Plasma transfusie

Revision date:
2 maart 2021

Toediening van plasma kan om meerdere redenen geïndiceerd zijn, zoals bij:

Verbruikscoagulopathie

  • Geef geen plasmatransfusie aan niet-bloedende patiënten met een verbruikscoagulopathie met afwijkende plasma stoltesten die geen interventie moeten ondergaan.
  • Geef geen plasmatransfusie aan niet-bloedende patiënten met een verbruikscoagulopathie met afwijkende plasma stoltesten met een INR <3,0 die een beperkte interventie moeten ondergaan.
  • Er kan geen aanbeveling worden gedaan over patiënten die een ernstigere coagulopathie en/of die interventie met hoog bloedingsrisico moeten ondergaan

Coagulopathie bij purpura fulminans ten gevolge van een aangeboren of verworven ernstige proteïne C/S deficiëntie

  • Geef plasma in de acute fase bij Purpura Fulminans ten gevolge van een proteïne S deficiëntie.
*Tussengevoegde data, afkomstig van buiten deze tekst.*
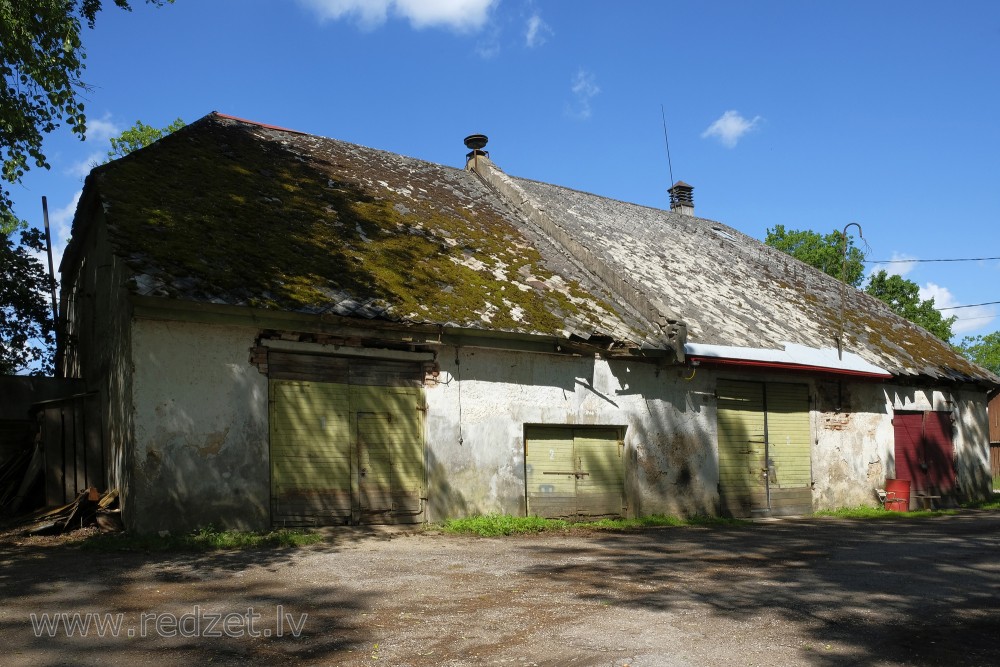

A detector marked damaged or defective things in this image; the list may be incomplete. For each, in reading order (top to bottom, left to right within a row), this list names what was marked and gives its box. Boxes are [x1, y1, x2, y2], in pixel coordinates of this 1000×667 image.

peeling plaster wall [130, 320, 270, 536]
peeling plaster wall [422, 348, 720, 524]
Geef bij Purpura Fulminans ten gevolge van een proteïne C deficiëntie alleen plasma indien proteïne C concentraat (Ceprotin®) niet (tijdig) beschikbaar is.
  • Gebruik zowel voor proteïne S als proteïne C substitutie een initiële plasma dosis van 15 tot 20 mL/kg. Herhaal plasma transfusie in principe à 12 uur, maar gebruik bij de individuele patiënt ook eerdere opbrengsten en aanvullende kliniek (effect van additionele therapeutische maatregelen) voor timing en dosering. Streef daarbij naar dal spiegels voor het vrij proteïne S en voor de proteïne C-activiteit van > 0,25 IE/ ml

Coagulopathie bij leverinsufficiëntie

  • Geef geen plasma aan patiënten met coagulopathie veroorzaakt door leverinsufficiëntie/leverfalen met een INR <3,0 die een ingreep ondergaan, onafhankelijk van het bloedingsrisico van die ingreep.
  • Er kan geen aanbeveling worden gedaan over patiënten met een ernstiger coagulopathie veroorzaakt door leverinsufficiëntie/leverfalen.

Plasmaferese

Zie hoofstuk TTP

Plasmatransfusies bij neonaten

  • Geef geen profylactische plasmatransfusies op basis van uitsluitend afwijkend screenend stollingsonderzoek
  • Overweeg de toediening van plasma aan (premature) neonaten in de volgende situaties:
    • bloedingsneiging op basis van DIS, acuut leverfalen, trombolyse of massale transfusies;
    • kritisch zieke neonaat waarbij op basis van kliniek en aard van de ingreep/procedure de inschatting wordt gemaakt dat sprake is van verhoogd bloedingsrisico;
    • stollingsstoornis met deficiëntie waarvoor geen specifieke factorsuppletie mogelijk is.
  • Dosering
    • Geef plasma, wanneer geïndiceerd, in de volgende dosering: 15 tot 20 ml/kg in 30 tot 60 minuten i.v. afhankelijk van de circulatoire conditie en indicatie.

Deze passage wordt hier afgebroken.